A conversation on the congress "The Future of Critique".

  • Nov 22 2022
  • Angela Lammert & Kolja Reichert
    Angela Lammert is head of special interdisciplinary projects in the Visual Arts Section at the Academy of Arts in Berlin and associate professor at the Institute for Art and Visual History of the Humboldt University of Berlin.

    Kolja Reichert is curator of discourse at the Bundeskunsthalle in Bonn.

Everyone is a critic today. But where is critique? We are all experts evaluating each other. But where are the experts for the greater whole? Every theatre, every museum, every scientific body is expected to explain and publicise its work itself – while independent communication, classification, and evaluation are vanishing with the general media. But without criticism, there is no public sphere. Without the public sphere, no arts. Without the arts, no democracy. The international congress “The Future of Critique” is an initiative of the Fine Arts Section of the Akademie der Künste and is taking place at the Bundeskunsthalle in Bonn and the Akademie der Künste, Berlin. It is intended as the first step in the long-term redefinition of the role of criticism and the safeguarding of its infrastructure. The programme, arising from conversations across all sections of the Academy, kicks off with “Criticism in hypercirculation” and “The Fall and Rise of the Critical Public”, followed by “Who gets to criticize whom from what position?” and “How has the role of criticism changed?”. 


Kolja Reichert
: We have been working on this congress for almost two years now. Let’s start with the title: Why “The Future of Critique” rather than “The Crisis of Criticism”?

Angela Lammert: Rather than adding to the lamentation about the crisis of criticism, we’d rather look at the transformation of society through the lens of criticism.

The critique of criticism can be traced not just in the rise of identity-critical narratives at the expense of dwindling aesthetic arguments. It is also evident in the degradation of the cultural sphere due to its economic exploitation for rapid consumability.

Established places for criticism are falling away at an increasing rate – be that in the declining numbers of pages in media features sections or in the changes to the public broadcasting sector. It’s an ambivalent process, because the old authorities and interpretive hierarchies are also being called into question. There is a lack of financial support for independent criticism: no critics’ fund, hardly any awards for critics; there was no practical aid for critics or criticism during the pandemic. With advancing digitisation, new forms of writing are being tested – be they in self-organised viral networks or in the artistic anticipation of collective practices such as memes. But, if everyone is writing, where are the expert judges, and where is the language game? We also want to discuss the influence of market-oriented models on how art and culture are communicated. Who can participate in the media platforms? Who can’t, and why not? We hope that the congress will become a forum where the different arts as well as different generations will come together and, starting from a diagnosis of the changing role of criticism, investigate the scope for opening new spaces.

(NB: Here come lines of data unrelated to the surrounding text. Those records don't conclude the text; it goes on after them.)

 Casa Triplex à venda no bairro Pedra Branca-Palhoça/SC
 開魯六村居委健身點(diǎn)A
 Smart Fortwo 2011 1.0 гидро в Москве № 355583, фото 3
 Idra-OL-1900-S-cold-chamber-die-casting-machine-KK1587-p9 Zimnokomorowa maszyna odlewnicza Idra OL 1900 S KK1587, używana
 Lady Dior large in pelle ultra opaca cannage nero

KR: There was a moment in the preparation of the congress when the flight altitude suddenly changed; it was when the Visual Arts Section invited the Literature, Performing Arts, Film, Architecture, and Music Sections to join in. Suddenly, we were no longer talking about the malaise of art criticism or literary criticism or music criticism, but we saw a subject taking on concrete shape: critique itself, independent of its subject matter. And it became clear that we were gathering here at a moment of crisis in which something has disappeared. And that it cannot be a question of forcing the genie back into the bottle, but that, in the context of a profound transformation of the media – comparable to the establishment of the daily newspaper in the 19th century and radio in the middle of the 20th century – the whole of society is reconstituting itself.

New media practices are coming into play, roles become wobbly and new ones take the stage, while there is still a lack of a sense of direction that would allow navigation of this new forum that now lacks a clear demarcation between stage and public.

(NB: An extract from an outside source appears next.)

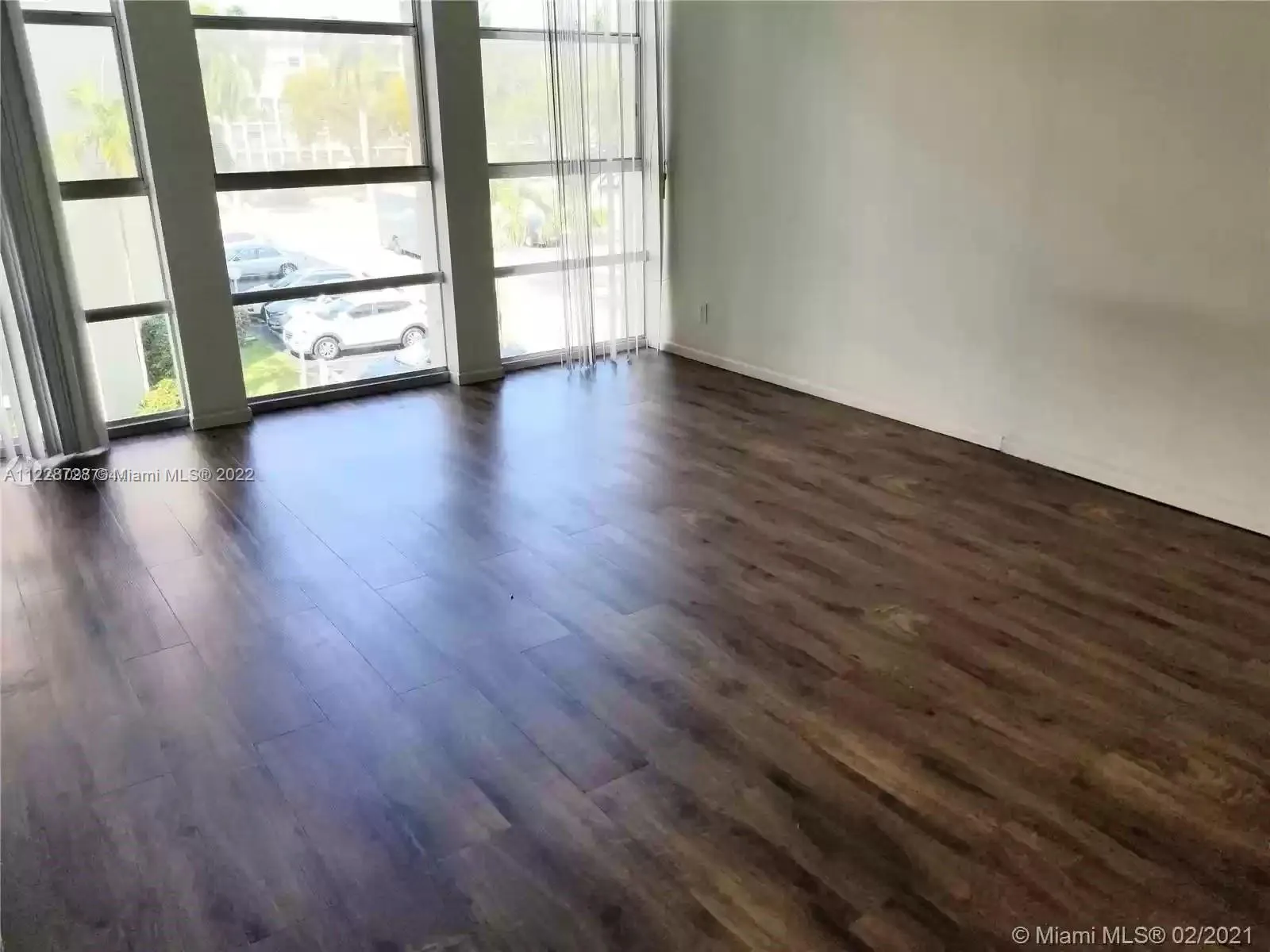 851 Three Islands Blvd # 317, Hallandale Beach FL 33009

It is as if all the stages have unfolded into a multipolar universe in which different intensities position themselves and each other, vying for cultural hegemony.

Institutions are ultimately personas among others with a profile and an Instagram account. But the people out there who used to be their audience, or still are, also have an Instagram account and an opinion. And why should they consider valuable what the institutions consider valuable?

Some are even establishing their own institutions, like Caroline Busta and Lil Internet of the podcast New Models, who, together with Joshua Citarella, Mat Dryhurst, and Holly Herndon, are building up the media platform channel.xyz to make themselves independent of the platform corporations.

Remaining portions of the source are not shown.